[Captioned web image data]
--

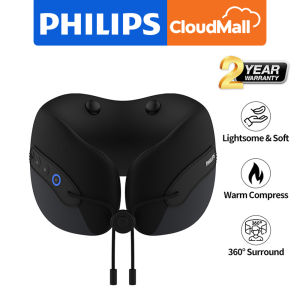 Philips Neck Massager Soothing 45°C Heating 430g Weight Vibwave 2000mAh Battery Type-C Fast Charging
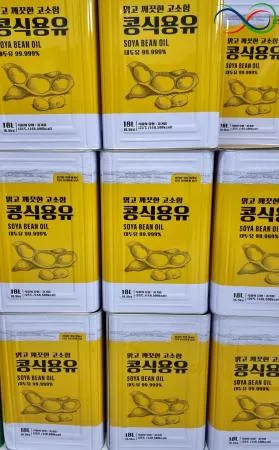 맑고 깨끗한 콩식용유 콩기름 18L/업소용/말통/대용 이미지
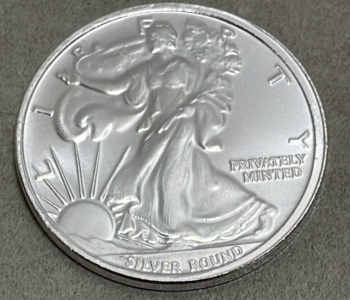(1) 1 Troy Ounce Money Metals Exchange American Eagle .999 Silver Round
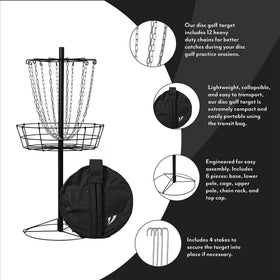VORTExX portable setup demonstrated for quick practice anywhere outdoors.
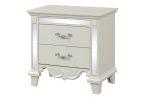 Milan Mirror Framed Nightstand made with Wood in White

--

Brief: Output each record above word for word, leaving out images.

Answer to the exercise:
 Philips Neck Massager Soothing 45°C Heating 430g Weight Vibwave 2000mAh Battery Type-C Fast Charging
 맑고 깨끗한 콩식용유 콩기름 18L/업소용/말통/대용 이미지
(1) 1 Troy Ounce Money Metals Exchange American Eagle .999 Silver Round
VORTExX portable setup demonstrated for quick practice anywhere outdoors.
 Milan Mirror Framed Nightstand made with Wood in White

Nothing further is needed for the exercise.